NPS can transport targeted medications across blood and tissue flow due to their unique size, physical features, and chemical makeup. It can also stay in tissues and organs for long periods of time, allowing it to improve imaging or conduct other unique nanoscale tasks. As a result, NPS is primarily employed for improved medical imaging, targeted delivery of diseased cells, and targeted medication administration.

NPS in Coronary Artery Disease Detection and therapy (CAD)

CAD is the accumulation of atherosclerotic plaque on the inner wall of the coronary artery, resulting in cavity stenosis, reduced vascular wall compliance, and progressive or sudden loss of blood flow to the damaged myocardium. Atherosclerosis is a chronic illness characterized by arterial wall thickening and atherosclerotic plaque inflammation. When coronary arteries are fully clogged by atherosclerosis, a heart attack occurs. Hypoxia of Cardiomyocytes (CMs) causes a cascade of complicated and interconnected physiological reactions involving a variety of cells, cytokines, and Extracellular Matrix (ECM). All of these events result in the loss of cardiac function, which is followed by the formation of fibrous scars to replace the myocardium.

Applications of NPs in hypertension

Nanoemulsion, liposome, polymeric NPs, Solid Lipid NPs (SLNs), and nanostructured lipid carriers have all been employed in the treatment of hypertension thus far. Olmesartan, which lowers blood pressure by inhibiting the angiotensin II-AT1 receptor selectively, that has poor oral absorptivity and availability due to low water solubility and permeability.

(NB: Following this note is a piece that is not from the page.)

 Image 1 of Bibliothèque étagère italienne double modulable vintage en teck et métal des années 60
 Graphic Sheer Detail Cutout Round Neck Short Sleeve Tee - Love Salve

Applications of NPs in the treatment of atrial fibrillation

The most prevalent clinical arrhythmia is Atrial Fibrillation (AF), which accounts for almost one-third of all arrhythmia-related inpatients. Because of the increased risk of stroke, AF has a major impact on morbidity and death in patients. Catheter ablation has been a popular therapy option for patients with drug-resistant AF. However, a lack of knowledge of the processes behind the onset and persistence of AF has hampered cardioversion success and maintenance. Yu suggested a new ablation method based on functionalized Magnetic Nanoparticles (MNPs). Previous animal studies have shown that the Ganglionated Plexus (GP) plays a key role in the onset and maintenance of AF, and clinical data suggests that ablation of the major GP can improve the effectiveness of routine pulmonary vein isolation by catheter ablation.

Application of NPs in the treatment of AMI

To enhance heart function at the site of AMI, a chitosan-alginate NP containing Placental Growth Factor (PlGF), a crucial molecule in angiogenesis and vasculogenesis, is used. The findings showed that in the treatment of AMI, employing NPS as a carrier rather than direct injection of PlGF can give a prolonged release of PlGF and boost the favorable effects of growth factors on acute myocardial ischemia.

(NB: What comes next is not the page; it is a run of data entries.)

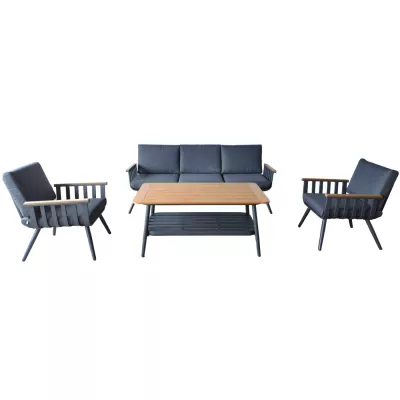 Zahradní sestava KARINE - tmavě šedá / hnědá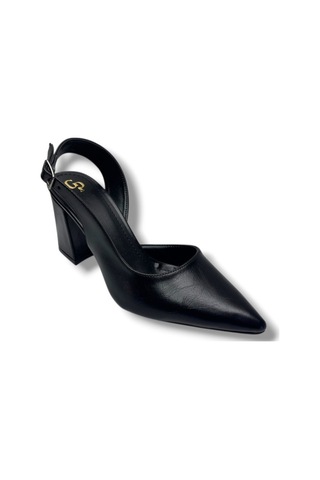Gedik Pasha 909-26 Cilt Kare Topuk Kadın Stiletto 8cm Siyah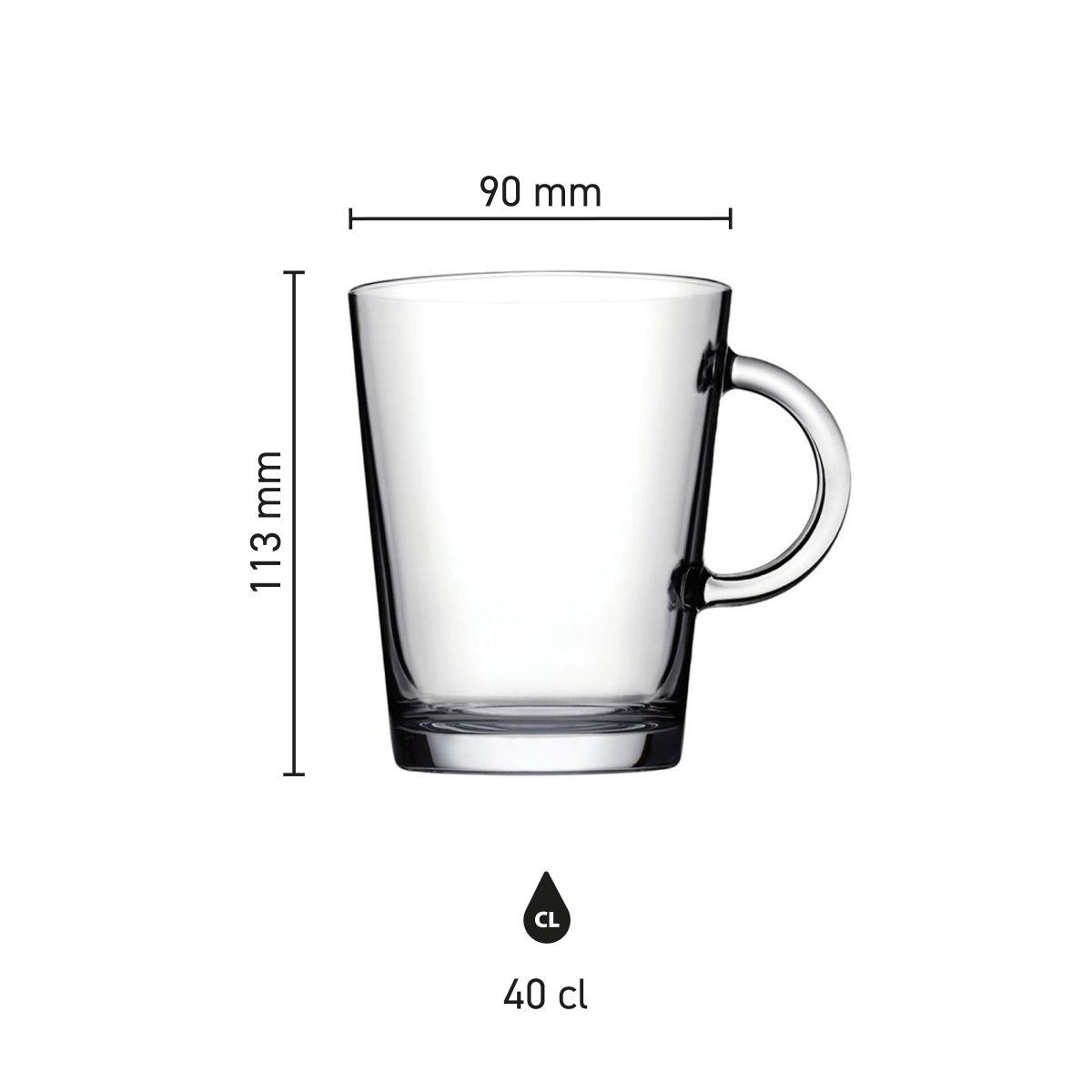 Die Infografik zeigt Höhe, Durchmesser und Fassungsvermögen des Teeglas Tribeca 40 cl.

Application of nanotechnology in cardiac and cardiothoracic surgery robots

Nanotechnology, as a new sort of science, offers physicians a bright future and promises for achieving goals that had previously been thought difficult to reach, but more research and use of nanotechnology are still required. Nanomedicine holds a lot of promise in the treatment of coronary artery disease.